Anyhow, it is still a huge challenge.

Gotelind Alber's picture

thanks a lot for these inputs. you are completely right, and I must admit, that there is no clear definition of gender in the political debate under the UNFCCC. Personally, I have a feminist standpoint (but I am a physicist and might miss some of the more subtle details ...), but in the UNFCCC debate, you can find people with an essentialist definition, and some who believe gender is about helping poor women, etc.
I found that if you are involved in the political debate, you have to simplify and generalise things in order to be heard, but the question is to what extent.
From my perspective, the most important issues are gender roles and gender power relations, and I believe that the latter are part of the root causes of climate change. This is is why I raised the question of the terms gender-sensitive, -responsive, and -transformative, as these terms are used in the political discussion whether you just take gender into account, and more or less accept that e.g. women are in charge of care work and consequently give them efficient cook stoves, or if you take power relations into account and work towards transformation.
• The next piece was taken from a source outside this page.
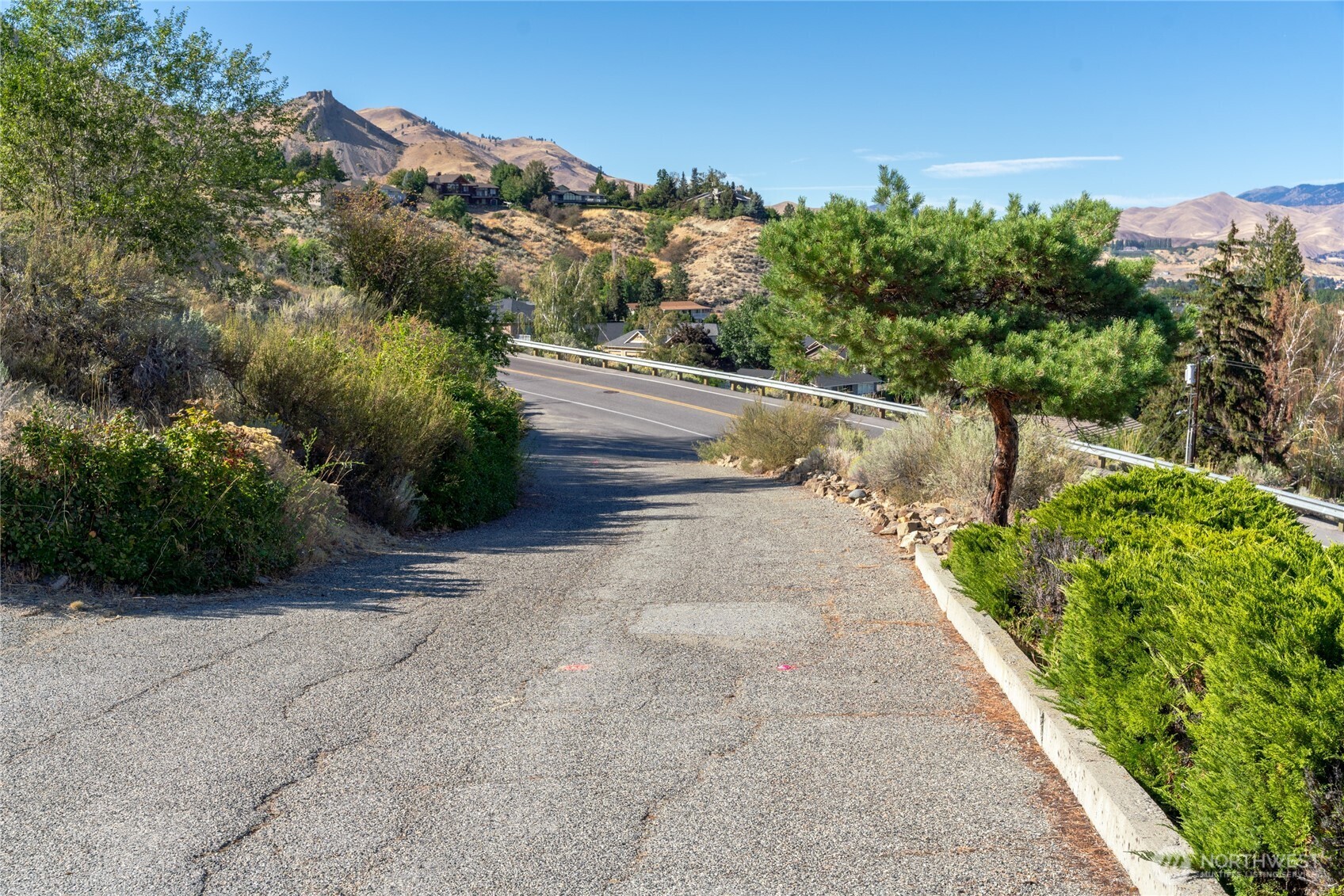 1 NNA Skyline Drive , Wenatchee, WA 98801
One question for me in this context is whether research is primarily meant to be fed into the political debate, or if you strive for knowledge and insights as such.

Gotelind Alber's picture

all research done on gender & climate change is social or political science research, rather than natural sciences. I have been asked during conferences if i'd be able to see gender aspects in climatic research as such, and of course it's difficult to say. But you can, for instance, look at the methods that are used. For climate science which is very much relying on models, it might be worth looking at the underlying assumptions of these models.
Another issue for natural science and technoligy are the research priorities. E.g. do the main efforts go into technological end-of-pipe solutions (or pseudo-solutions) such as geo-engeneering, or do they aim at appropriate and safe technologies and take the interaction between societies / societal change and technlogies into account?

arroyo_lidia's picture

I think you are tackling a key dimension regarding the introduction of gender perspective into research projects. I would like to share a blog post about the definition of gender written by Jeff Hearn.

As Gotelind Alber has raised, I also consider that intersection between gender relations and power relations are crucial in climate change. I recommend you the following resources that are already available on GenPORT which include this perspective in their analysis. If you know more, you are very wellcome to upload them. 

 

 

 

irissan's picture

The example naming the research priorities is a gold one, as so it is the modeling one.
I will tend to think that an inclusive model, would be more gender-related that an exclusive one. In terms of assumptions made on it, as so the priority. I am happy to read it, so I would use it into the gender-part of the research applications.
Nevertheless, I find it urgent to combine natural sciences and gender research, I think under the "neutral" appearance of those there is a crucial gender gap to be named and undertaken.

Elaine Enarson's picture

Hi all- I think on this point of definitions, we must tread lightly and avoid being drawn into fruitless efforts to find consensus. For my part, I want to emphasize the intersectionality of gender relations -- making me less interested in the sex variable and more interested in relational issues of power and in cross-cutting power relations of genders, sexualities, class, ethnicity and on. But as a community of activist scholars (taking that as a given for the moment), a 'big tent' approach is both more realistic and more useful in the end, as dialogue among all who take sex, gender, and sexuality seriously, though in many different ways, seems to me the critical turning point. Or perhaps there are lines to be drawn so that the scarce gender dollar in research is best used? Hmmm...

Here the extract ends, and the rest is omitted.